Outrospection in Small Schools
‘Outrospection’, which refers to looking outside and beyond ourselves to discover ‘who we are and what it is that we want to do with our lives’, is a term I had never heard used before until I read it in philosopher Roman Krznaric’s book ‘Empathy – Why it Matters, and How to Get It’. Krznaric believes that the less we look inwards (in the manner of outrospection’s navel-gazing twin) the more likely we are to engage with and be engaged by both local and global communities and to empathise with what drives and concerns them.
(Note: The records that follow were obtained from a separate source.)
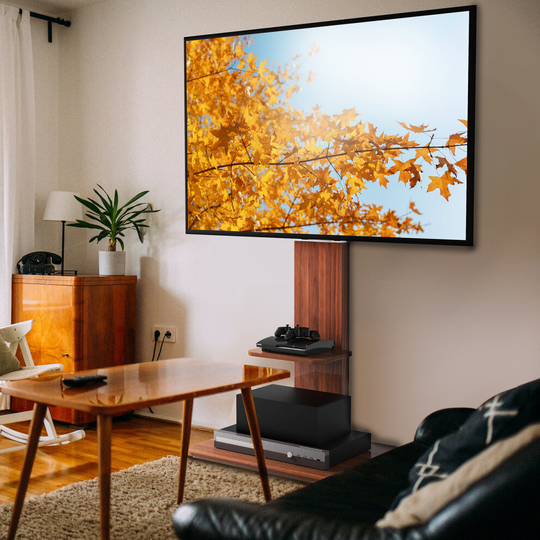 TV Floor Stand with Wood Shelves Height Adjustable for 32-65 inch TVS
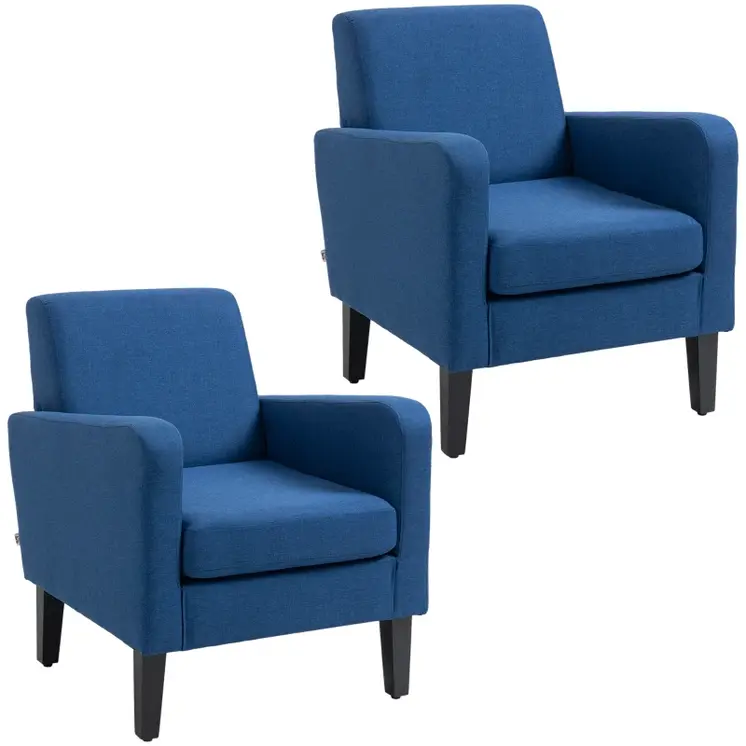 2 Pieces Modern Armchairs with Rubber Wood Legs, Upholstered Accent Chairs, Single Sofa for Living Room, Bedroom, Blue by HOMCOM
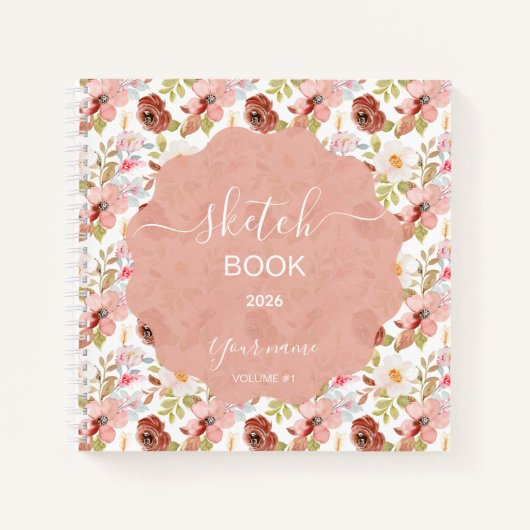 Earthy Boho Flowers Notitieboek (Voorkant)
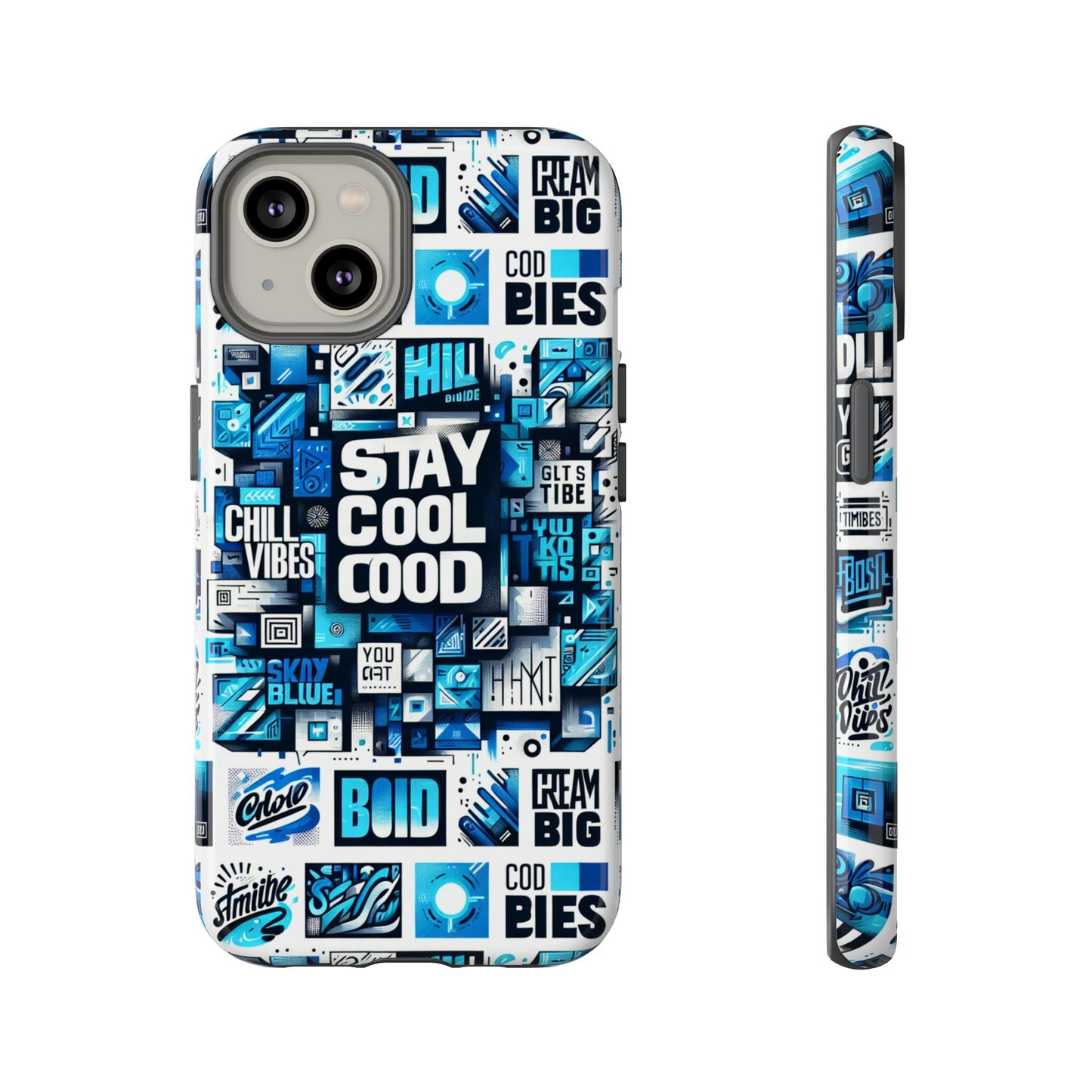 vibrant 3d wrap protective phone case with unique blue graphic design for trendy individuals – stylish protection compatible with iphone 13, 14, 15 & 16 – all models including pro, pro max & plus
Schools and outrospection are very distant relations; happy to look outwards to find packaged solutions to pedagogical problems (the Accelerated Reader is a good example) but otherwise, like Sartre’s famous gaze, for them, the act of seeing and the act of being seen is focused intensely inward. And if transparency is a concept with which teachers are completely familiar, the reality is they grow the future – the values of learners and the cast of the adults they become – quite privately, ruling freely in the classroom with a freedom (in planning and delivery of lessons, reporting and target setting) not seen in many other professions. Deeply engaged with every moment in pupils’ journey to mastery, everything done in classrooms is done for the benefit of learners, and those who teach, teach for every reason that has nothing to do with the global exchange or the ten principles of economics. No ‘incentives’ make us try harder to embed a love of learning in our pupils and no market principle will ever replace sheer passion for our subjects, but the values of society and how it regards the mission of schools has changed and the values of parents have changed along with it. No longer able to look inwards, to succeed, parents want schools to think of everything – someone to teach meta-effective awareness to the Year 4s, plans in the event of a no-deal Brexit and a scheme to expand the brand overseas.